The association’s executive director Chris Sounness said the study aimed to understand and document the challenges of this period.
“Many children are feeling that it’s very hard for them to get a clear understanding of expectations while they are learning from home, they aren’t receiving the feedback they want and the structure, or lack of structure, is challenging,” Mr Sounness said. “Parents are often trying to work full-time while providing a learning environment for their children, and they feel they are letting people down when they make choices about work or their child’s schooling.
“Some children are totally disengaged. Then there are some children who are finding remote learning far better environment for them to learn. One size does not fit all.
“When the time comes that restrictions have eased, we need to ensure people feel supported, and we need to understand what resources the Wimmera and southern Mallee needs to put in place to ensure everyone can achieve the best they can.”
Mr Sounness said the study would investigate the impacts of this period on mothers.
“Families are struggling to get the workload right when both parents are working from home and the children are learning from home – how do they support their kids and deliver outcomes for work at the same time?” he said. “Many mothers are feeling an increased burden compared to a normal working environment and that has significant personal and flow-on impacts to families and the wider community.”

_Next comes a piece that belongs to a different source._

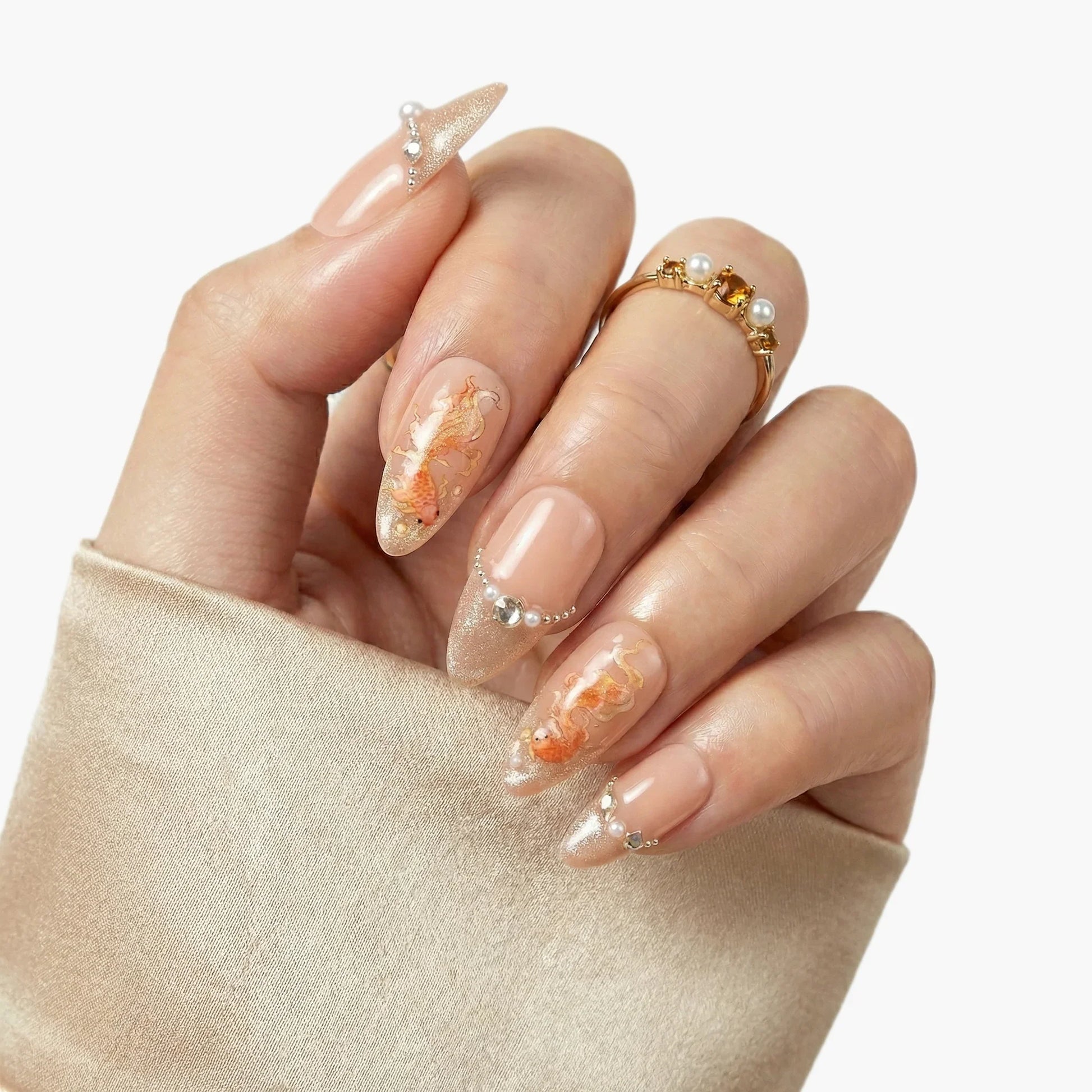 Hand with elegant press-on nails featuring gold koi fish art, pearls, and glitter tips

The study is one element of the work Wimmera Development Association is undertaking to address existing needs across the Wimmera and southern Mallee and the issues the coronavirus health challenge has exposed or exacerbated.
Mr Sounness said people seeking assistance could phone Uniting’s Wimmera on 1800 195 114. Students can speak to their teacher or school’s wellbeing officer for learning guidance; or contact eheadspace on 1800 650 890 for mental health support. In an emergency, contact 000.